● **TASK PROMPT**: In the listing that follows, print every line exactly and leave the images out.

*** DATASET SECTION Section Begins ***

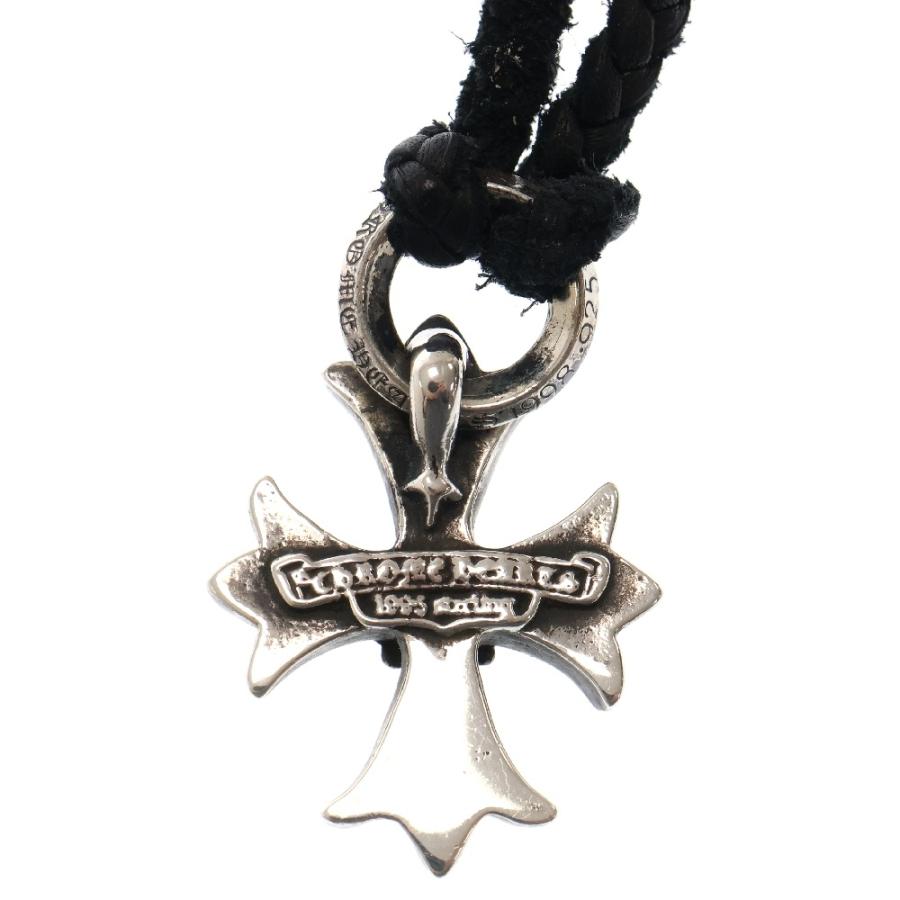 CHROME HEARTS クロムハーツ OLD DBL CH PRS PLUS with LEATHER CHROME HEARTS クロムハーツ OLD DBL CH PRS PLUS with LEATHER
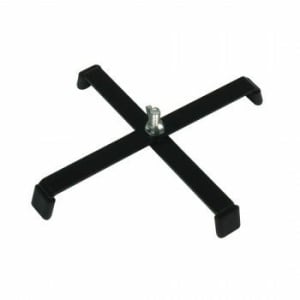 FLOOR STAND 4 LEGS BK FS4LB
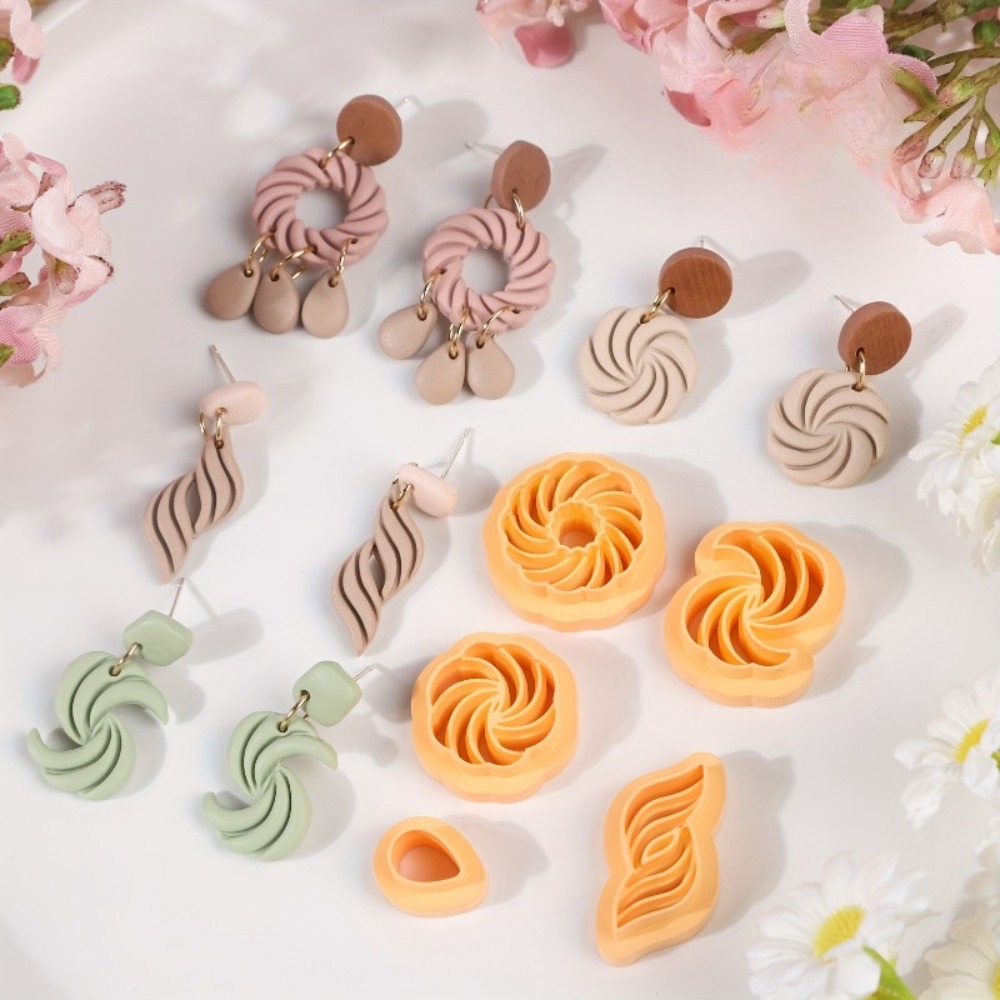 Набор из 10 формочек для серег – обзор и цена Tassel Earrings Boho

*** DATASET SECTION Section Ends ***

● **REPLY**:
 CHROME HEARTS クロムハーツ OLD DBL CH PRS PLUS with LEATHER CHROME HEARTS クロムハーツ OLD DBL CH PRS PLUS with LEATHER
 FLOOR STAND 4 LEGS BK FS4LB
 Набор из 10 формочек для серег – обзор и цена Tassel Earrings Boho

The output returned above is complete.